*** Begin section ***
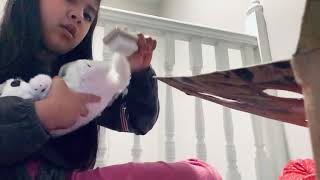 Unboxing two perfect petzzz screenshot 4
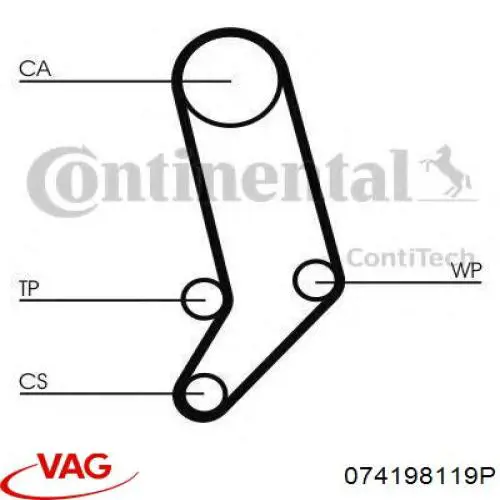 Comprar 074198119P VAG Kit de correa de distribución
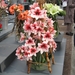 KEUKENHOF 2010 080
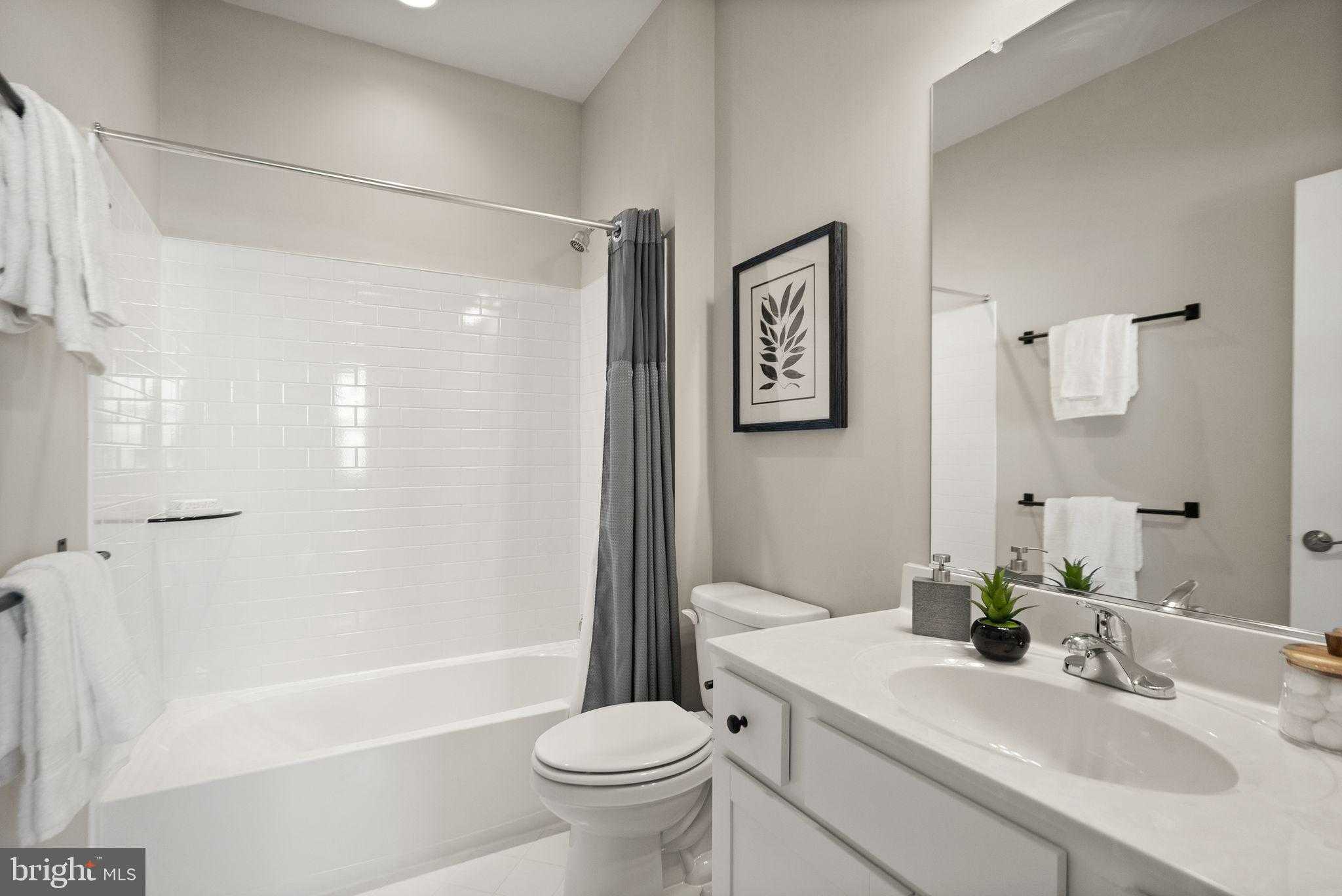 43887 Siren Song Ter photo 50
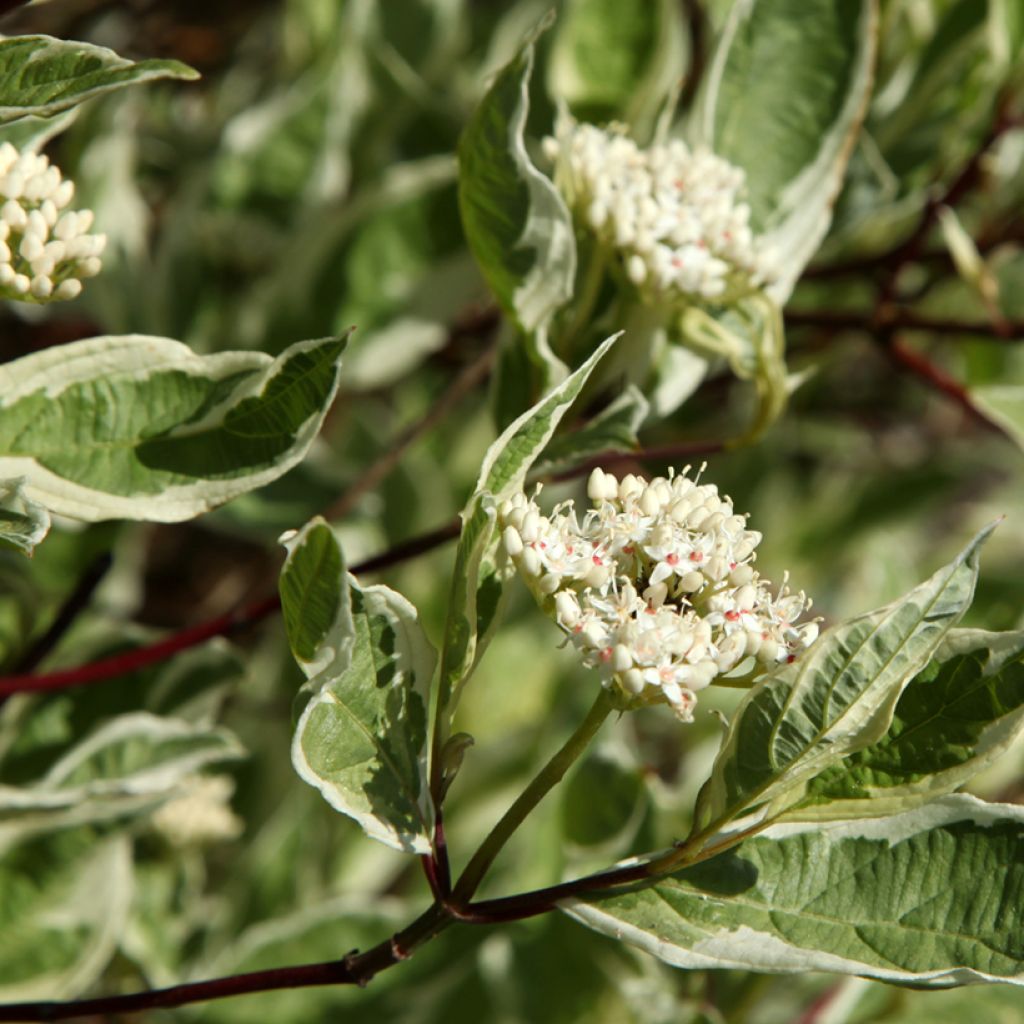 Pensaskanukka Sibirica Variegata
*** End section ***
No images belong in the copy. Transcribe every record exactly.

 Unboxing two perfect petzzz screenshot 4
 Comprar 074198119P VAG Kit de correa de distribución
 KEUKENHOF 2010 080
 43887 Siren Song Ter photo 50
 Pensaskanukka Sibirica Variegata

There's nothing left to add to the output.